## Task instructions
Would you copy exactly the lines in the data below from the one that has "Burlington Crescent plan" through the one that has "Screenshot 3 Audio", dropping any pictures?

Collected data
━━━━━━

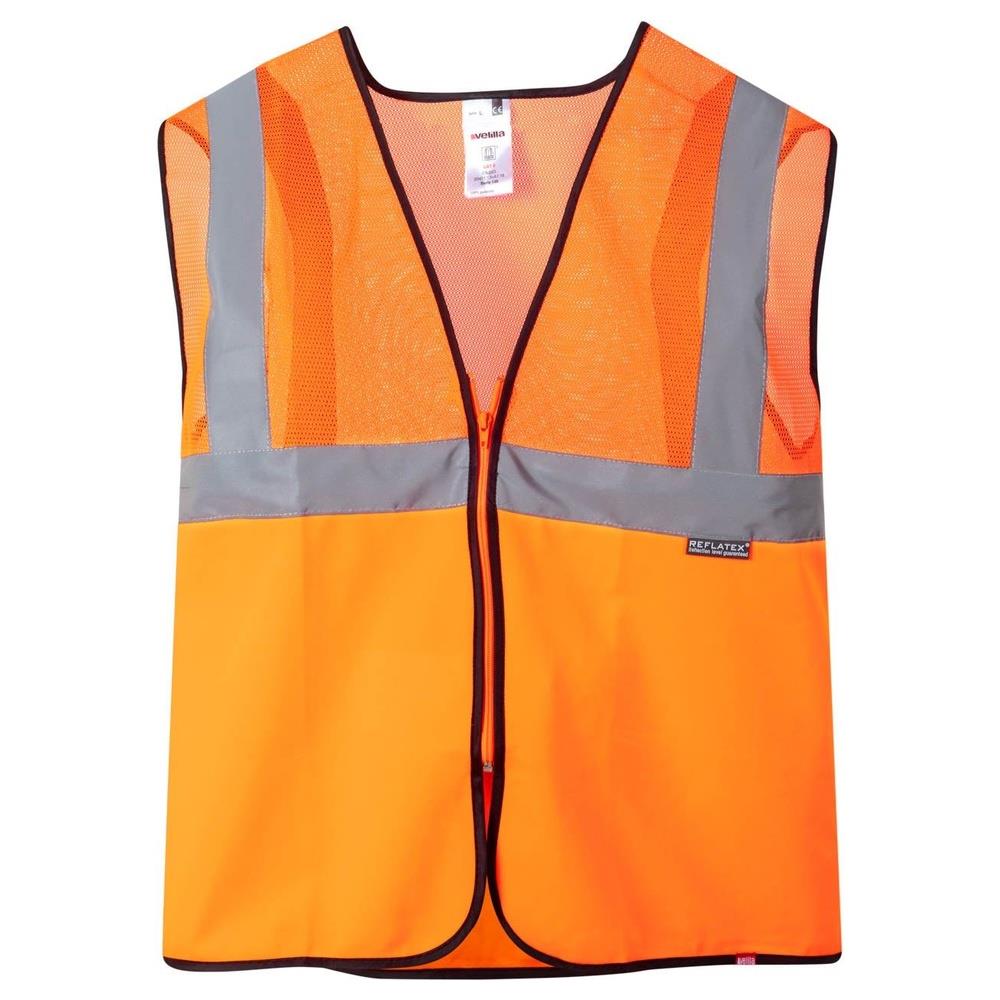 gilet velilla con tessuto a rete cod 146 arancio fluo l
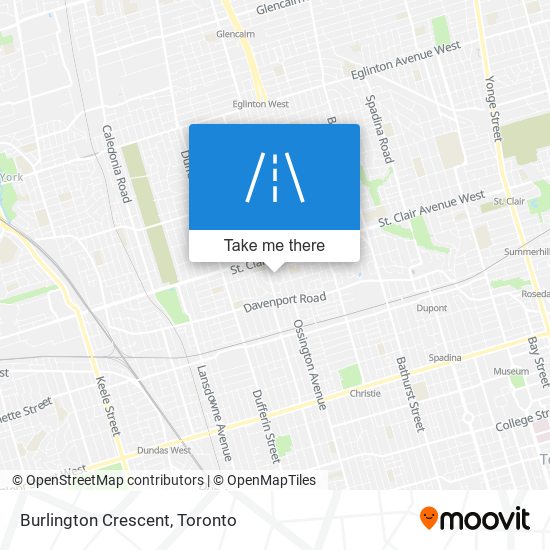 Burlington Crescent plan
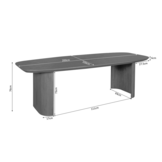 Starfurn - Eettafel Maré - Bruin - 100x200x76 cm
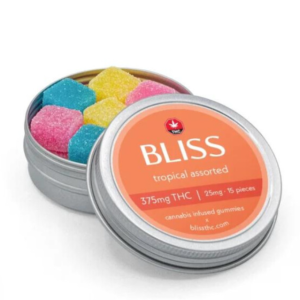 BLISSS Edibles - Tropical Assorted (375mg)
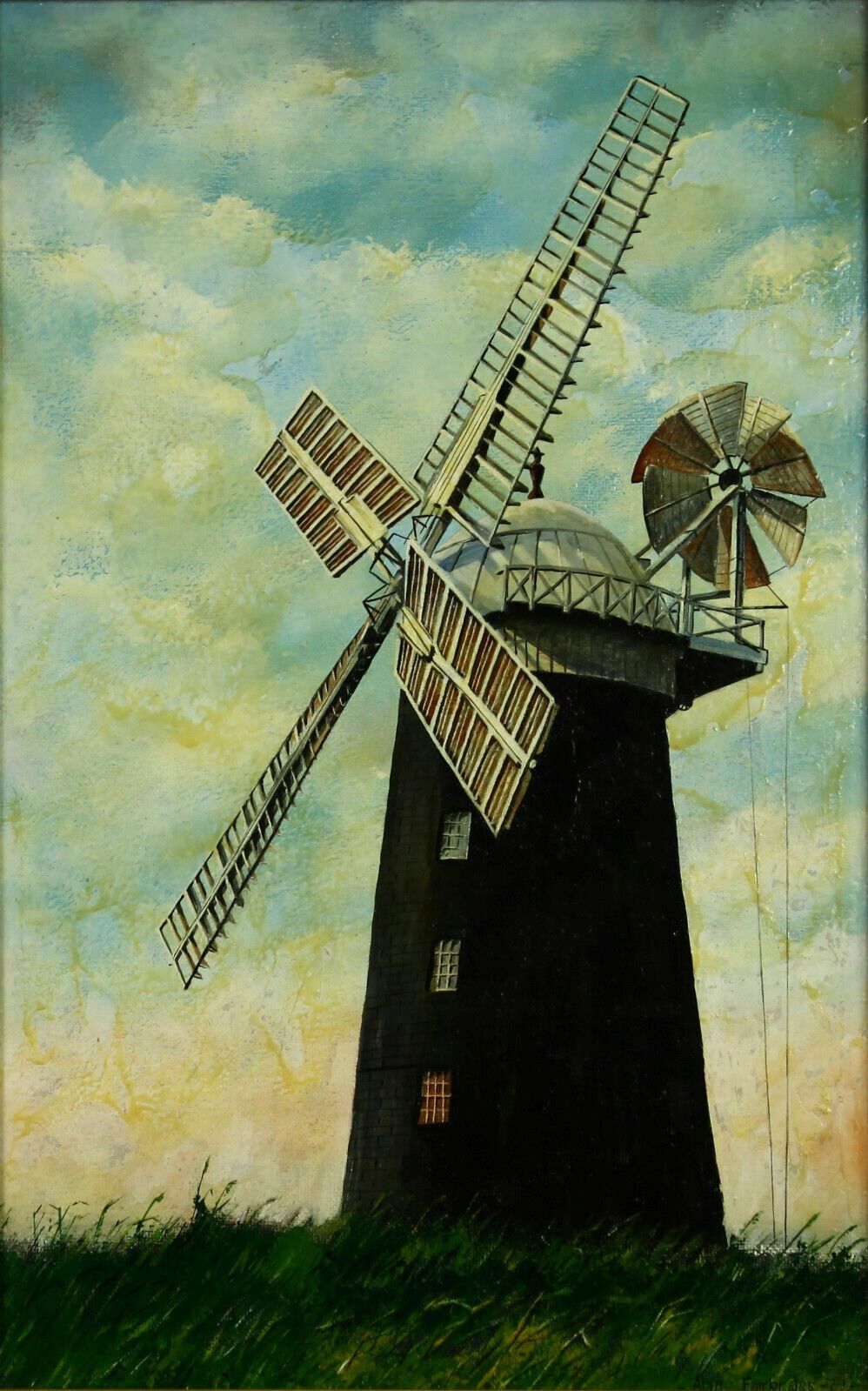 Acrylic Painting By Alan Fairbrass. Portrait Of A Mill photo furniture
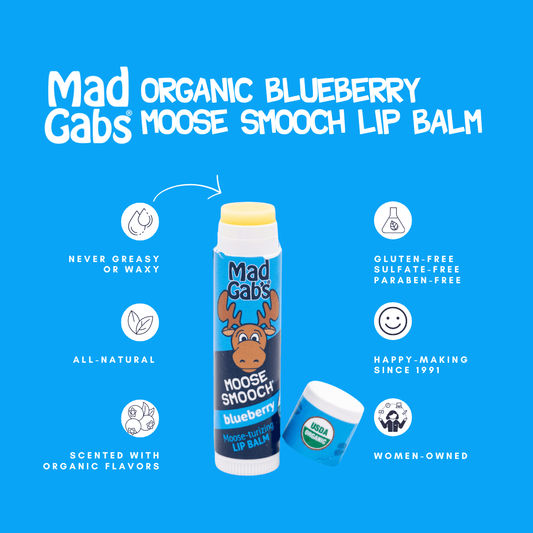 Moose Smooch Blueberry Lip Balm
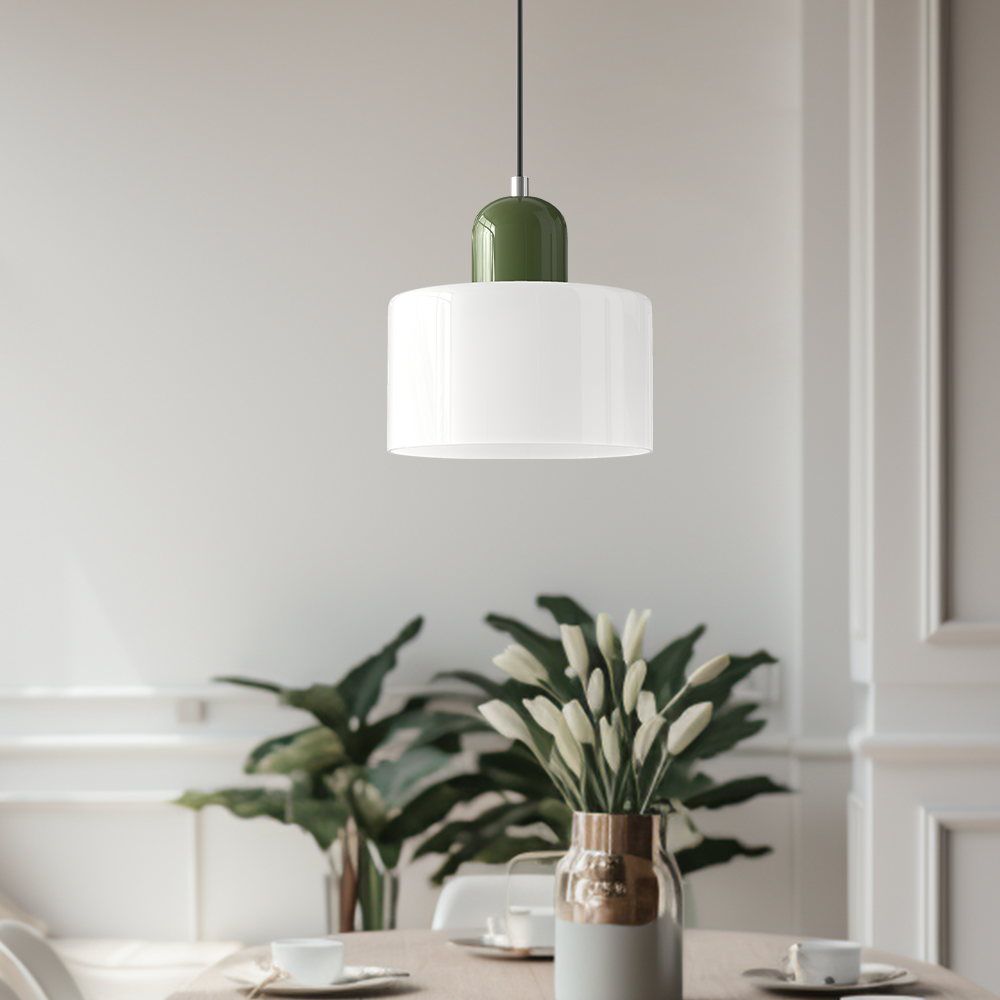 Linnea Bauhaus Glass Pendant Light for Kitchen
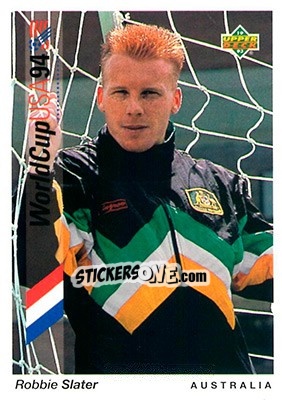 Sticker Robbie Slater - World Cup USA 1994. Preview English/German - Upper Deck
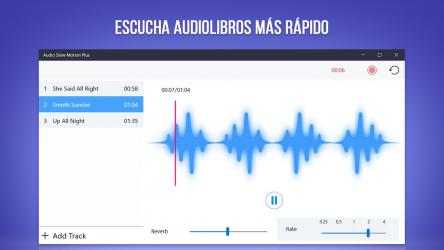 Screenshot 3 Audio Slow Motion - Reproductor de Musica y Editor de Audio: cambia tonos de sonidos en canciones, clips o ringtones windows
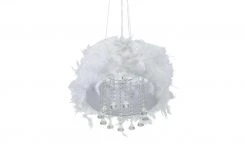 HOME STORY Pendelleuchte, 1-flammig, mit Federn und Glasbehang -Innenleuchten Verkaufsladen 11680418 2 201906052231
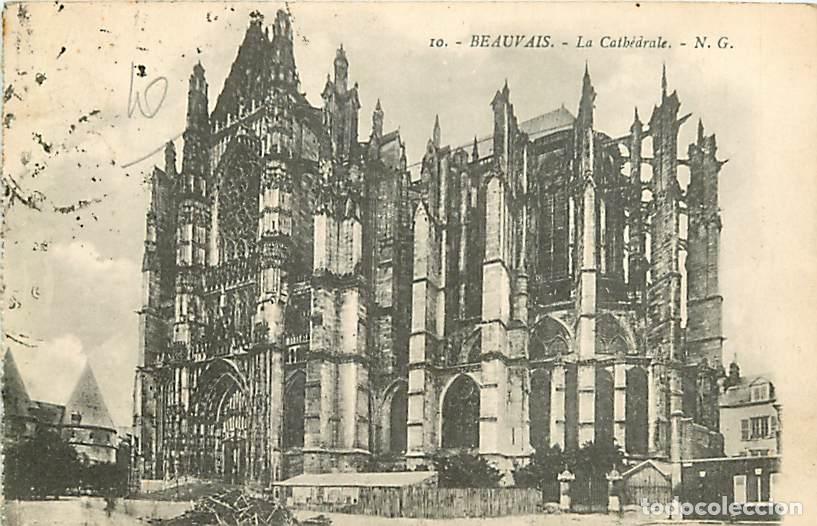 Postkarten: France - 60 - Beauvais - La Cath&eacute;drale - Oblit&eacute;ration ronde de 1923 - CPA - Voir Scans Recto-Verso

━━━━━━

## Reply
 Burlington Crescent plan
 Starfurn - Eettafel Maré - Bruin - 100x200x76 cm
 BLISSS Edibles - Tropical Assorted (375mg)
 Acrylic Painting By Alan Fairbrass. Portrait Of A Mill photo furniture
 Moose Smooch Blueberry Lip Balm
 Linnea Bauhaus Glass Pendant Light for Kitchen
 Sticker Robbie Slater - World Cup USA 1994. Preview English/German - Upper Deck
 Screenshot 3 Audio Slow Motion - Reproductor de Musica y Editor de Audio: cambia tonos de sonidos en canciones, clips o ringtones windows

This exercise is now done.